- **Work instruction**: Nothing should appear in the answer except the lines below from the line containing "Winter New In" through the line containing "Hanes × Vintage", copied exactly, with pictures left out.

- **Excerpted data**:
=== Begin Enclosure ===

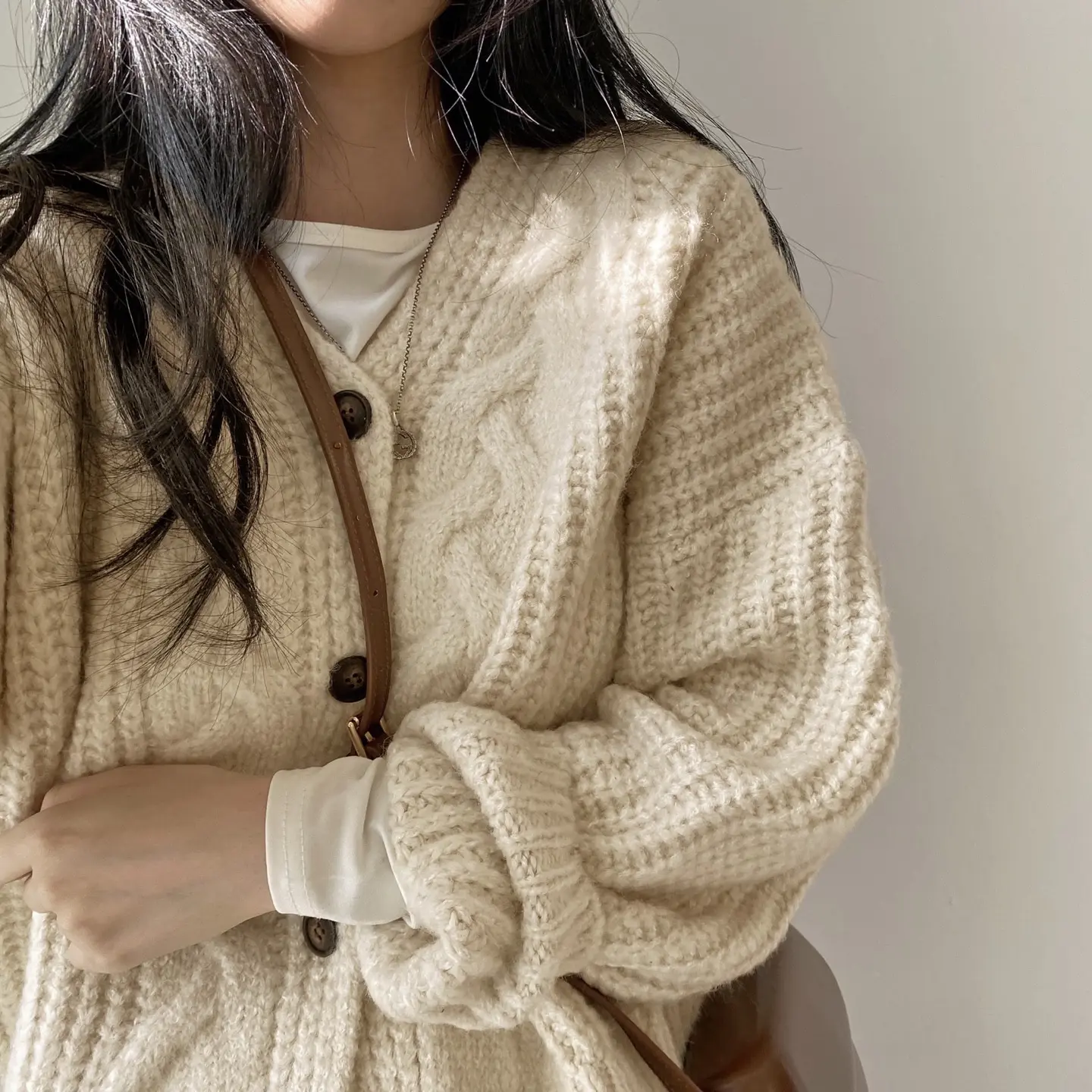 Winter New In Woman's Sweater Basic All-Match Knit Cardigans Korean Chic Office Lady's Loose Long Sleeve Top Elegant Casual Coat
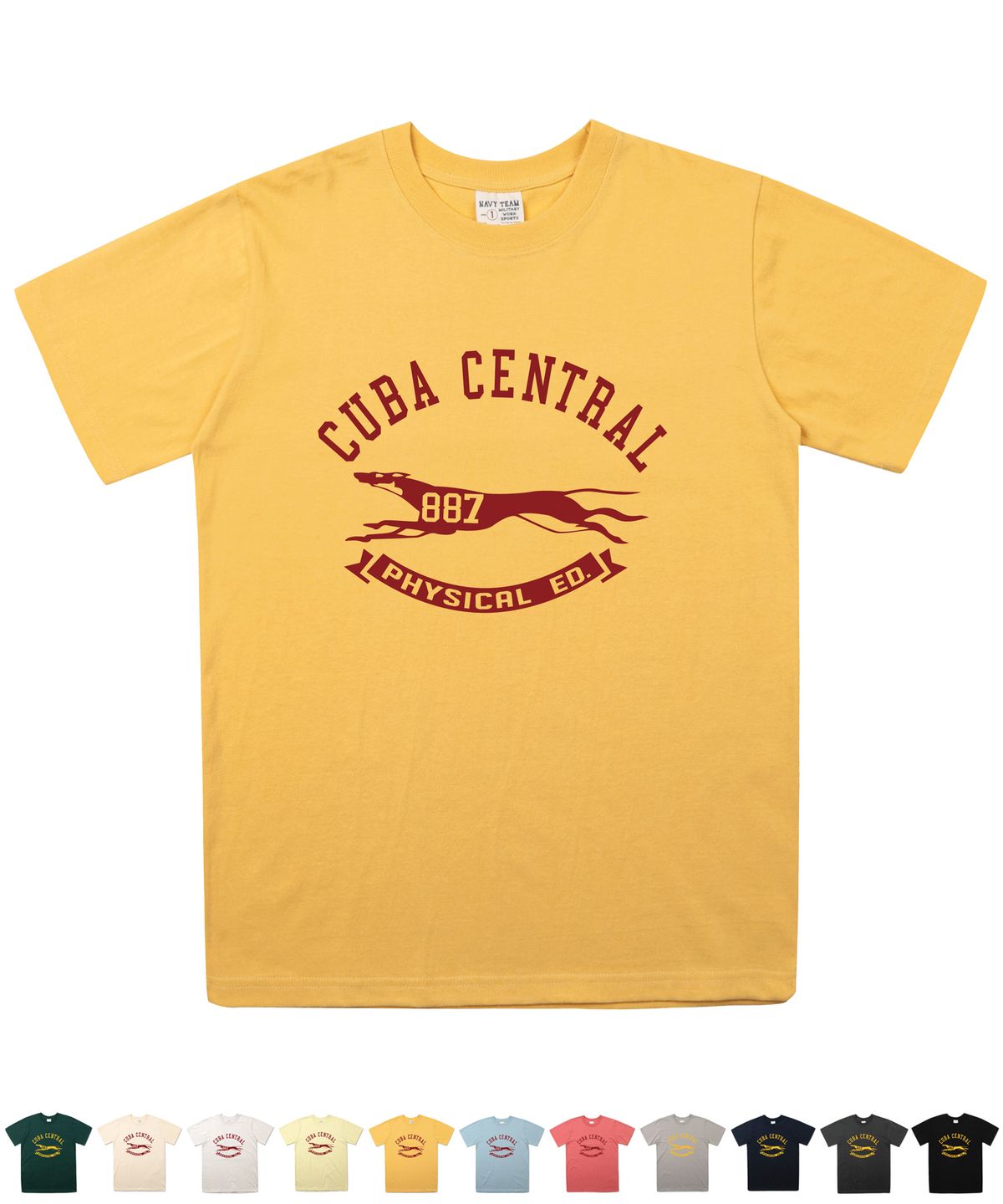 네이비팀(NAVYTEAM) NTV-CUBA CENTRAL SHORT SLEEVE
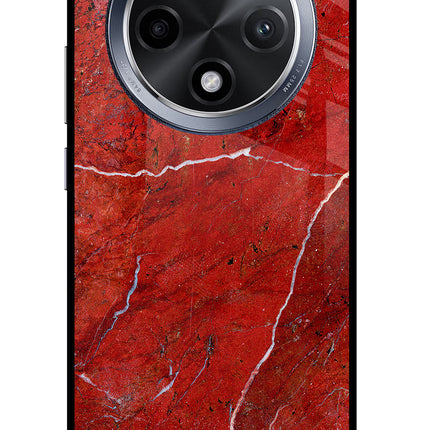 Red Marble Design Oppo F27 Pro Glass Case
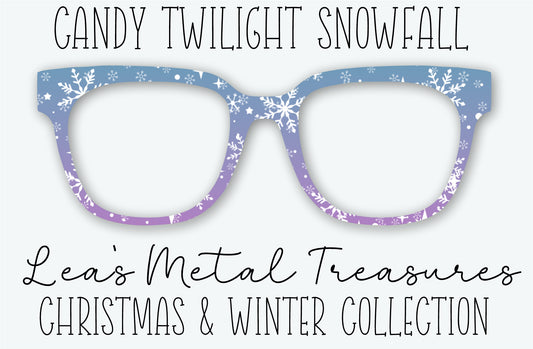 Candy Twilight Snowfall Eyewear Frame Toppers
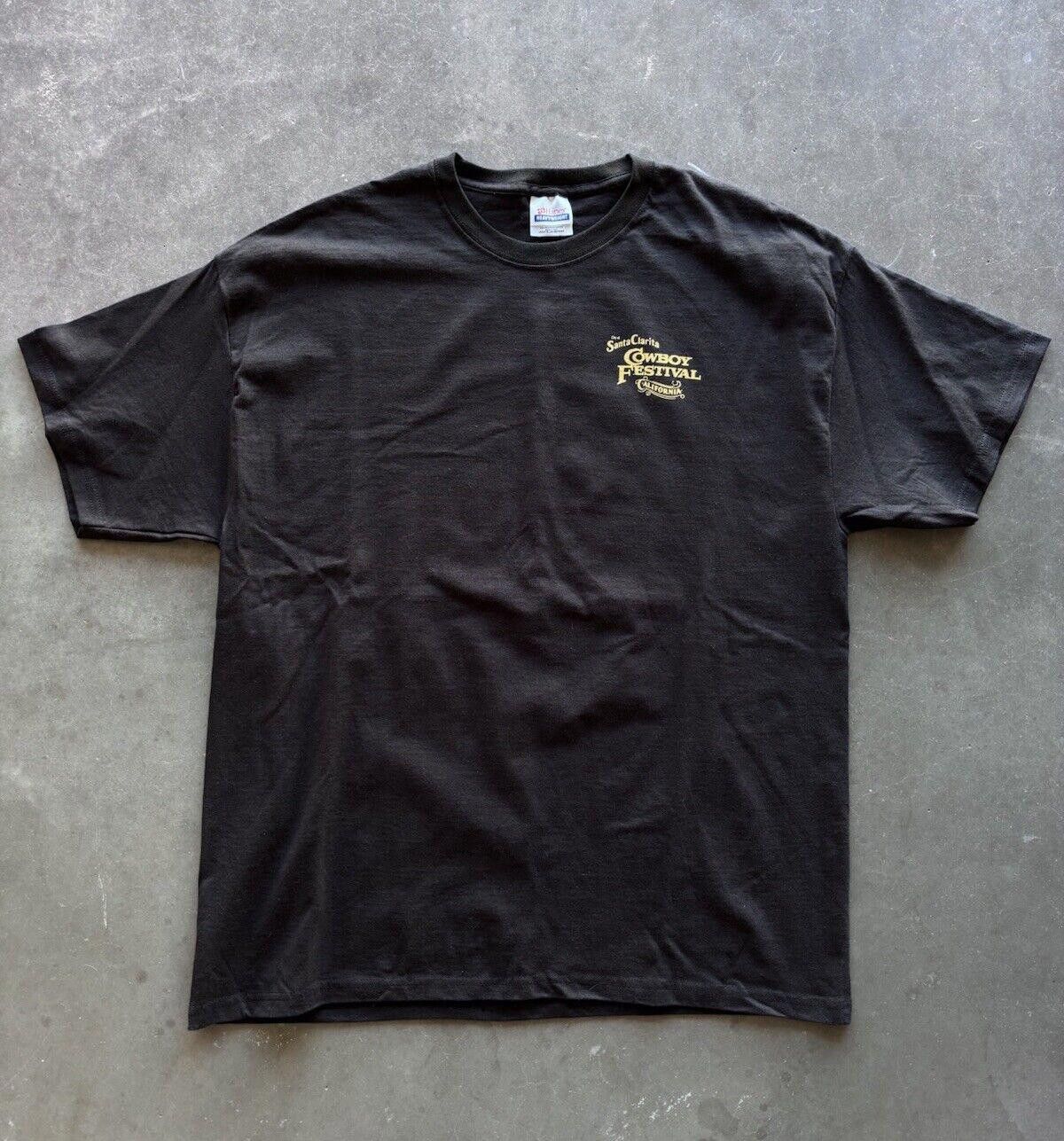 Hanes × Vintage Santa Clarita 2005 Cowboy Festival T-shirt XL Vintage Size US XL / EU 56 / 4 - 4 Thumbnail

=== End Enclosure ===
=== Begin Enclosure ===

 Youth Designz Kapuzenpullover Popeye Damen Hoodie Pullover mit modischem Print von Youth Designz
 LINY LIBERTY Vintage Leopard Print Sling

=== End Enclosure ===
=== Begin Enclosure ===

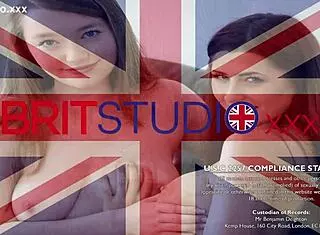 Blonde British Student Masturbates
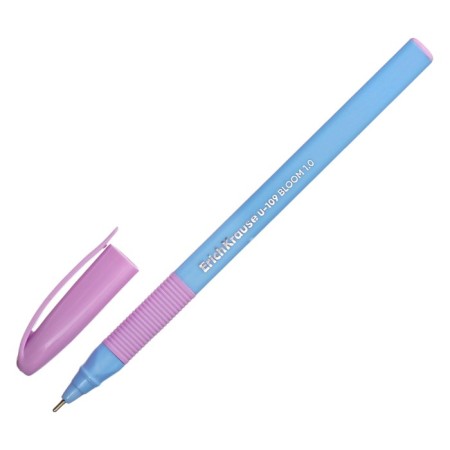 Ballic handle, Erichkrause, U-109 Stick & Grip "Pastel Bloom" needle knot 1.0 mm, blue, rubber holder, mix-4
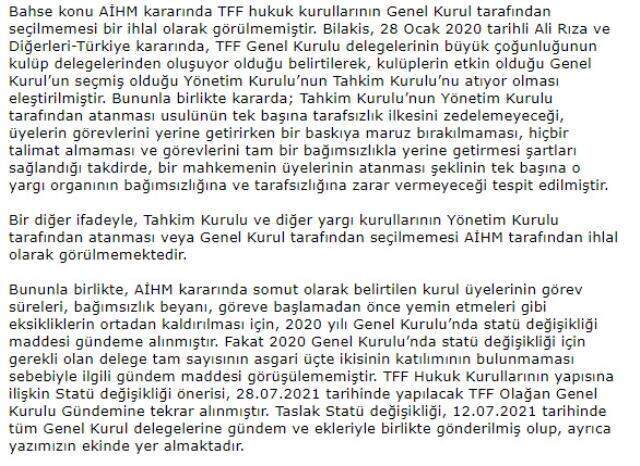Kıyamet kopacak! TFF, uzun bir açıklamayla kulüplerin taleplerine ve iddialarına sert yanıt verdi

=== End Enclosure ===

- **Solution for this problem**:
 Winter New In Woman's Sweater Basic All-Match Knit Cardigans Korean Chic Office Lady's Loose Long Sleeve Top Elegant Casual Coat
 네이비팀(NAVYTEAM) NTV-CUBA CENTRAL SHORT SLEEVE
 Red Marble Design Oppo F27 Pro Glass Case
 Candy Twilight Snowfall Eyewear Frame Toppers
 Hanes × Vintage Santa Clarita 2005 Cowboy Festival T-shirt XL Vintage Size US XL / EU 56 / 4 - 4 Thumbnail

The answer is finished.